La « catégorisation anthropologique », selon Memel Fotê, définit les qualités psychologiques et les vertus propres aux vrais et dignes gouvernants. Mais dans le temps, il délégitime les prétentions des autres à gouverner à travers les traits de caractère et les vices qui leurs sont attribués. Cette conception négative de l’altérité décrit principalement deux ethnies considérées comme représentatives des trois familles ethniques déjà « disqualifiées : c’est d’abord le Dioula, désignation professionnelle du commerçant, nom propre du parler mandingue de Kong, mais ici appellation populaire et péjorative appliquée à tous les ressortissants du Nord, mandé et gur, donc à tous les musulmans. C’est ensuite le Bété, ensemble ethnique, certes, mais surtout, malgré la diversité relative des sous-groupes régionaux, figure de la dénégation spéculaire.
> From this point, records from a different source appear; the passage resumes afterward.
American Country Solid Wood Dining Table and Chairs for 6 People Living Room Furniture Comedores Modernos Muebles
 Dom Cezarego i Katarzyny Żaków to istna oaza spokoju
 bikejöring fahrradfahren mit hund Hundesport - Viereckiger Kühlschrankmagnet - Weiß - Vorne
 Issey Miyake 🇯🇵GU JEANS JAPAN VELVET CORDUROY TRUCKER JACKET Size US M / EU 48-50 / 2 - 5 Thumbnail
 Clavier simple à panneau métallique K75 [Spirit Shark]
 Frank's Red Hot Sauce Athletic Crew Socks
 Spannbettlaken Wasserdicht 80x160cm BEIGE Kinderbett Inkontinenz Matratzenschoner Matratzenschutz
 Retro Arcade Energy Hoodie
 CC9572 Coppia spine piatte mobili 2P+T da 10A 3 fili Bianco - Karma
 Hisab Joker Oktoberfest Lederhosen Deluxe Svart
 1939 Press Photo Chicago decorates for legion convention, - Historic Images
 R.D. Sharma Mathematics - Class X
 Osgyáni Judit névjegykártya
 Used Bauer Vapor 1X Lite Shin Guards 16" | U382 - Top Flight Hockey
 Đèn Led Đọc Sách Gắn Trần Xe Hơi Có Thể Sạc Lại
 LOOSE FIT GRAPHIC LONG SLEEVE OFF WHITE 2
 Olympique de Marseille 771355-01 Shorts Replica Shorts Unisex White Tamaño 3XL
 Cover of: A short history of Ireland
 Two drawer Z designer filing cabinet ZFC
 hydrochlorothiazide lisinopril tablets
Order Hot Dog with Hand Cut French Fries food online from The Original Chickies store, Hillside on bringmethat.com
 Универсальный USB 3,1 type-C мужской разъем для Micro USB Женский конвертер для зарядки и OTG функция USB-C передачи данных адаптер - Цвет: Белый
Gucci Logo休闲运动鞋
Cette caractérisation négative, retraduite dans le langage populaire et parfois sous forme humoristique, se décline en ces termes plus clairs : « Dioula et Bété sont discriminés par une psychologie incertaine : ils sont « faux » disent les idéologues, c’est-à-dire imprévisible dans leurs réactions, peu ou pas sûrs et impropres à assurer le succès de la domination des Akan ». En deuxième lieu, sous le rapport ethnique, d’importants traits d’immoralité sont associés à cette psychologie. Selon l’un, les Dioula sont « sans foi ni loi » et les Bété « violents et coureurs de femmes » ; selon l’autre, les Dioula ont la malveillance des esclaves ; selon un troisième, « l’éducation de classe » qui caractérise « le civilisé akan » manque aux deux ethnies et à leurs pareilles.

En troisième lieu, sous le rapport politique, Dioula et Bété constituent par leurs prétentions un danger pour l’Etat et la nation : les Bétés pour leur incompatibilité culturelle avec la fonction présidentielle, les Dioula pour une raison stratégique, du fait qu’ils oeuvraient en définitive à propager et « asseoir » l’islam.

Ces éléments d’anthropologie négative définissent en creux des qualités considérées comme dignes d’une classe politique idéale. Par hypothèse, ces qualités sont attribuées aux seuls akan, en particuliers aux plus activistes d’entre eux, Baoulé et Anyi qui se font le plus entendre.

Cette construction positive d’une représentation de soi par opposition aux autres a contribué à la sédimentation d’une batterie d’histoires imaginaires et de marqueurs psychosociologiques des groupes sociaux. La force de ces préjugés ethniques conditionne jusqu’à présent l’imaginaire populaire et régit le rapport des imaginaires sociaux collectifs au politique. Cette stratification hiérarchique -d’essence politique- des ethnies a structuré le mental de la majorité des Akan, toutes catégories sociales confondues. Cette culture Akan a fini par ordonner selon ses propres normes la représentation du pouvoir, les symboles nationaux du pouvoir, ainsi que les mécanismes sociologiques de son exercice.

La gestion paternaliste de cette mosaïque socioculturelle (groupes ethniques et populations immigrées) a pendant longtemps reposé sur ce fond mythique et idéologique camouflé derrière des mécanismes géopolitiques de redistribution inégale des richesses.

Notes
39.

AKINDES (Francis), Les racines de la crise militaro-politique en Côte d’Ivoire. op. cit., p. 9

40.

Le conseil de l’Entente, la Communauté des Etats d’Afrique de l’Ouest (dont l’article premier stipule : « les citoyens de la communauté ont le droit d’entrer, de résider et de s’établir sur le territoire des autres Etats membres ».

41.

Il s’agit de leaders africains tels Nkrumah, Modibo Keïta, Patrice Lumumba, Kenyatta etc.… qui avaient pensé ce concept de « panafricanisme » dans le but de rassembler tous les Etats africains dans un ensemble institutionnel.

42.

Pour Michel Galy, Félix Houphouët-Boigny a été perçu à tort comme le défenseur des étrangers, leur assimilation relevait plus d’une stratégie. Galy Michel, « Fin de l’immobilisme en Côte d’Ivoire », in Le Monde diplomatique, janvier 1994, p.4

43.

Propos tenus par Houphouët-Boigny en 1976 à Abengourou, face aux plaintes des autochtones, au regard de l’occupation de leurs terres par des étrangers.

44.

FOTE (Memel), (2000), « Un politique des akan : le sens de l’Etat », in VALSECCHI, Monde akan. Identité et pouvoir en Afrique occidentale, Paris, L’Harmattan.